# RECORDS PROVIDED
○ ○ ○ ○ ○ ○ ○

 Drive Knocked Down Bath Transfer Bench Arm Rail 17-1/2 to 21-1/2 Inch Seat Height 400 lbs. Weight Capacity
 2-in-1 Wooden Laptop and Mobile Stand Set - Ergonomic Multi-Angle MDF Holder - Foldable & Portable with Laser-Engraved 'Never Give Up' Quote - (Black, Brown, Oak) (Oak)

○ ○ ○ ○ ○ ○ ○

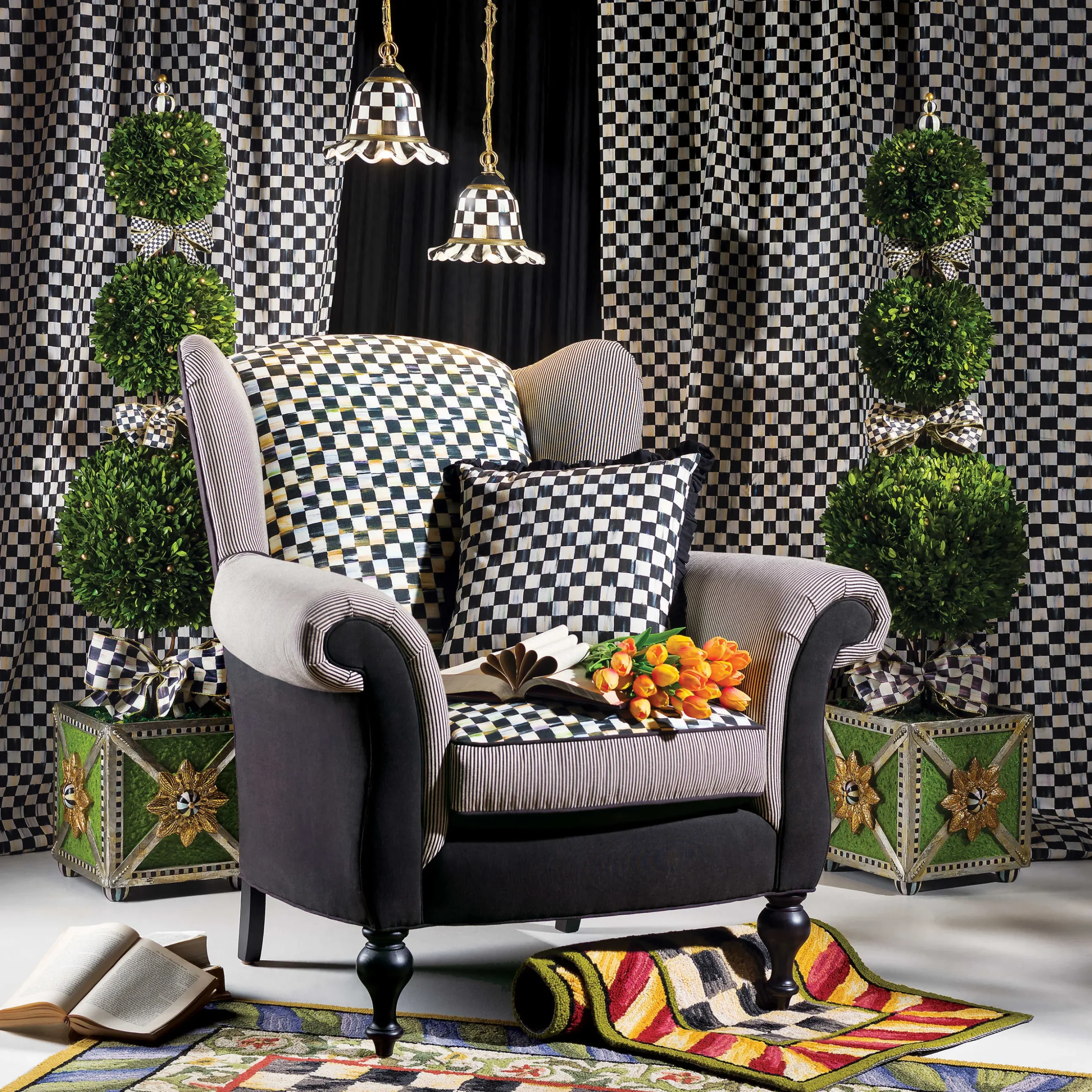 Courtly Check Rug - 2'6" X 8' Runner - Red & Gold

○ ○ ○ ○ ○ ○ ○

# WHAT YOU ARE ASKED TO DO
Start with the line above that contains "Drive Knocked Down" and stop after the line that contains "2-in-1 Wooden Laptop". Output those lines exactly, and only those.

# PROBLEM SOLUTION
 Drive Knocked Down Bath Transfer Bench Arm Rail 17-1/2 to 21-1/2 Inch Seat Height 400 lbs. Weight Capacity
 2-in-1 Wooden Laptop and Mobile Stand Set - Ergonomic Multi-Angle MDF Holder - Foldable & Portable with Laser-Engraved 'Never Give Up' Quote - (Black, Brown, Oak) (Oak)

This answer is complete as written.